You show the temperatures increase westwards along the equator. (“The buoys I used stretch from 95°W (buoy just to the left of the “E” in “Equator”) to 165°E (on the Equator northeast of Australia). Conveniently, the average temperature increases steadily along the line.”)
Similarly your graph of daily temperatures shows corresponding increasing trends about 9:00 hours. (“To me, the “dip” in the morning records is the clear sign of the phenomenon I described in my last post—the emergence of the cumulus clouds starting in mid-to-late morning.”)
However there is the inverse trend about 17:00 hours. (“The later reduction of the peak afternoon temperature values is due not to increased albedo but to the emergence of afternoon thunderstorms.”)
The ocean temperature provides the integrated effect of net heat heating. E.g., See Shaviv’s Blog “The Oceans as a Calorimeter.”
May I suggest plotting the derivative of temperature vs time, and the difference between non-cloudy integrated insolation (such as your land temperature Fig. 3) and the ocean temperature (Fig. 4). I think that should be insightful when compared against the cloud cover (albedo) and consequent change in net heating.
Best regards, David

philsalmon
June 9, 2015 2:56 pm

Willis
Your hypothesis seems compelling – how much does it have in common with the “Iris hypothesis” of Richard Lindzen?
http://www-eaps.mit.edu/faculty/lindzen/adinfriris.pdf
Could your work be a refinement of the Iris hypothesis? Lindzen saw a role for cirrus cloud in relation to cumulus. From Lindzen’s abstract:
Motivated by the observed relation between cloudiness (above the trade wind boundary layer) and high
humidity, cloud data for the eastern part of the western Pacific from the Japanese Geostationary Meteorological Satellite-5 (which provides high spatial and temporal resolution) have been analyzed, and it has been found that the area of cirrus cloud coverage normalized by a measure of the area of cumulus coverage decreases about 22% per degree Celsius increase in the surface temperature of the cloudy region. A number of possible interpretations of this result are examined and a plausible one is found to be that cirrus detrainment from cumulus convection diminishes with increasing temperature.

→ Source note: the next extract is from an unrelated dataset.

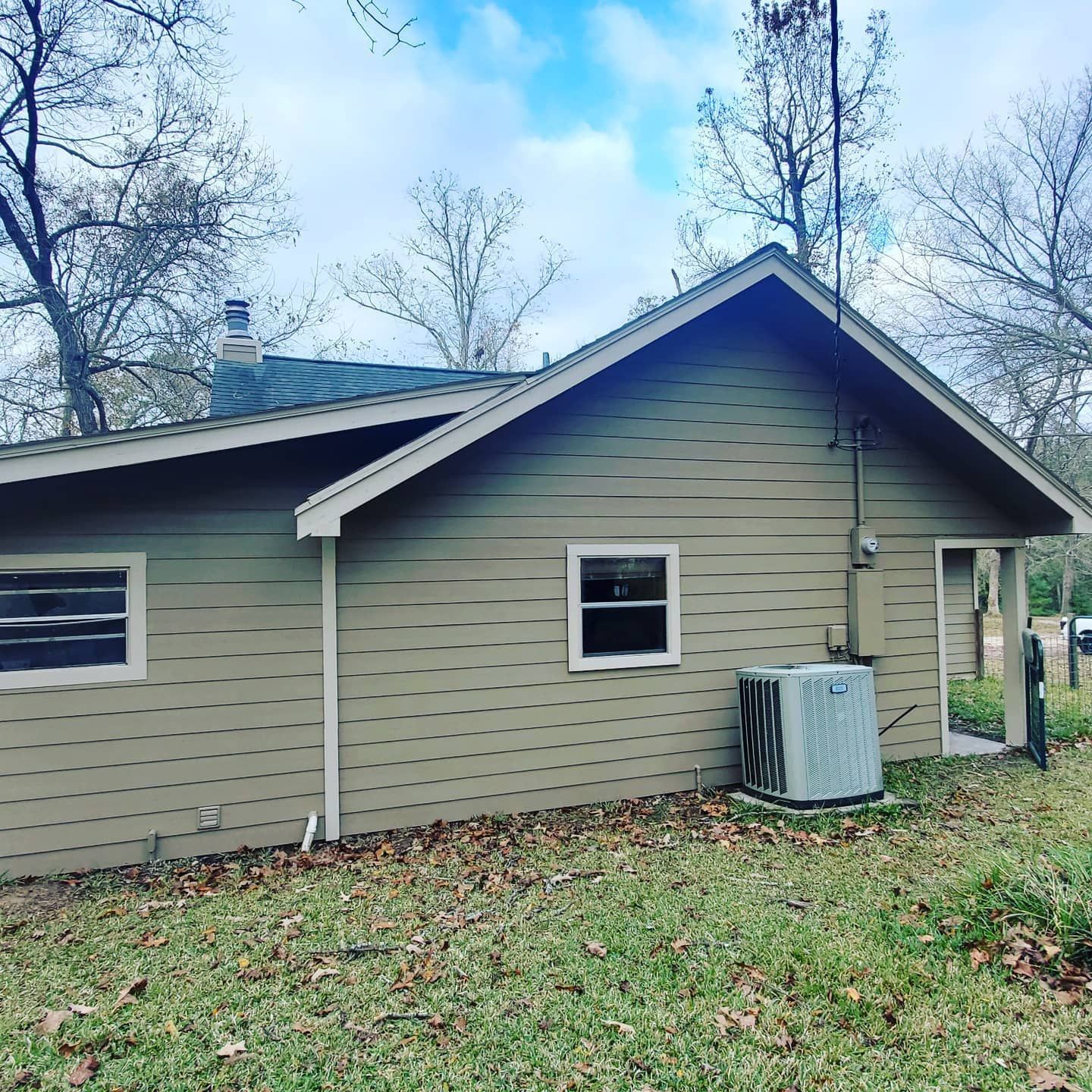 Tan house exterior with air conditioner, windows, and bare trees under a cloudy sky.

The implications of such an effect for climate are examined using a simple two-dimensional radiative–convective model. The calculations show that such a change in the Tropics could lead to a negative feedback in the global climate, with a feedback factor of about -1.1, which if correct, would more than cancel all the positive feedbacks in the more sensitive current climate models.

What are your thoughts on cirrus cloud?

Dinostratus
Reply to  philsalmon
June 9, 2015 9:04 pm

“Could your work be a refinement of the Iris hypothesis? ”
Not in my opinion. I wouldn’t use the word “refinement”. Perhaps “paling in comparison” might be a better phrase. This post reads like Lindzen never existed.